### INSTRUCTIONS FOR THE TASK:
Output the complete listing exactly, please, and keep the pictures out of it.

### DATA FOR THIS EXERCISE:
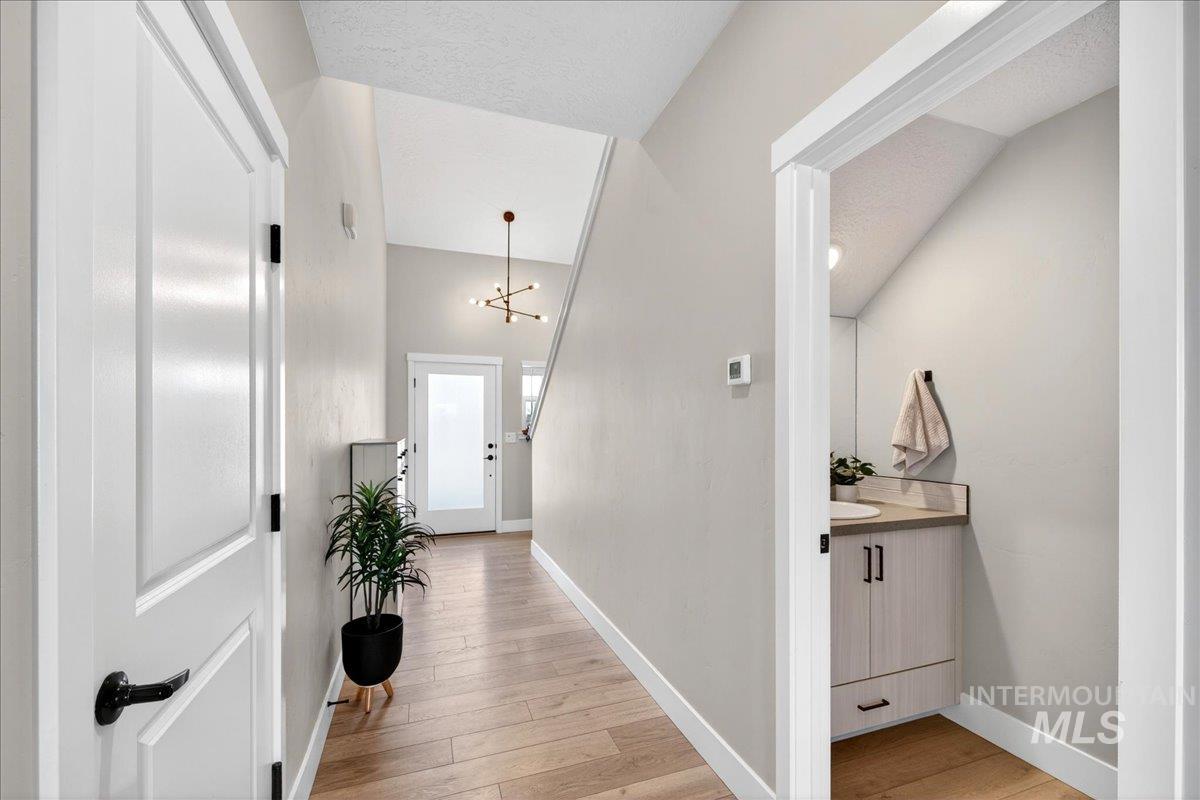 6025 South Catria Place Meridian, ID 83642 - Photo 26 of 34 Hallway with light wood-style floors and hanging lights
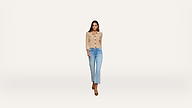 Woman wearing a beige button-up cardigan, light blue jeans, and brown heels walks forward against a plain white background.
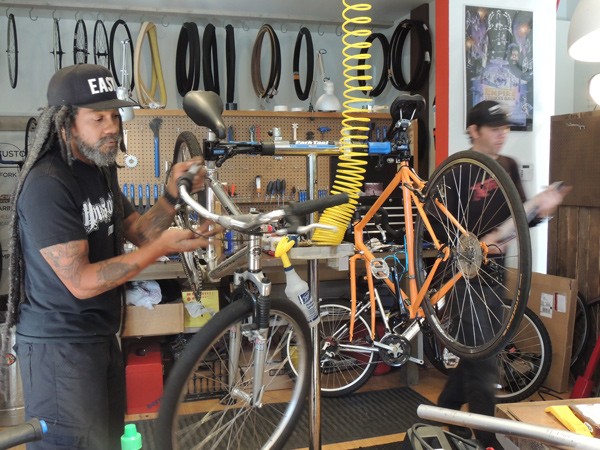 Dread (left) and Cory work on bikes at The Spoke Easy. The orange bike had been hit by a car the previous day. (Photo by Ryan Pitkin)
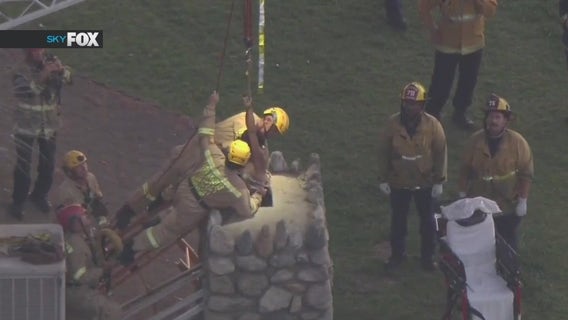 Crews pull woman out of chimney in San Fernando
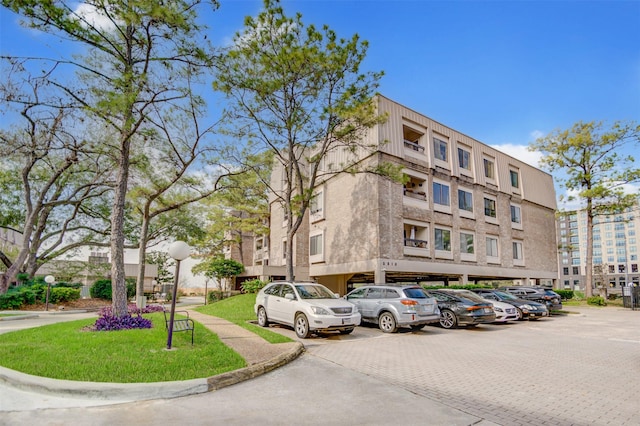 2213 S Braeswood Blvd Unit 13C, Houston, TX 77030 - view of building exterior featuring uncovered parking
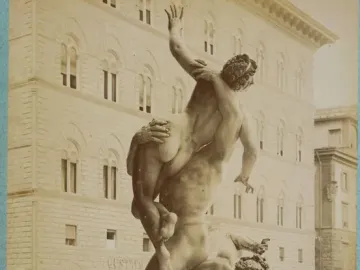 Giambologna’s Rape of the Sabine Women sculpture in a public square, with three intertwined figures against a building with arched windows.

### COMPLETED TASK:
 6025 South Catria Place Meridian, ID 83642 - Photo 26 of 34 Hallway with light wood-style floors and hanging lights
 Woman wearing a beige button-up cardigan, light blue jeans, and brown heels walks forward against a plain white background.
 Dread (left) and Cory work on bikes at The Spoke Easy. The orange bike had been hit by a car the previous day. (Photo by Ryan Pitkin)
 Crews pull woman out of chimney in San Fernando
 2213 S Braeswood Blvd Unit 13C, Houston, TX 77030 - view of building exterior featuring uncovered parking
 Giambologna’s Rape of the Sabine Women sculpture in a public square, with three intertwined figures against a building with arched windows.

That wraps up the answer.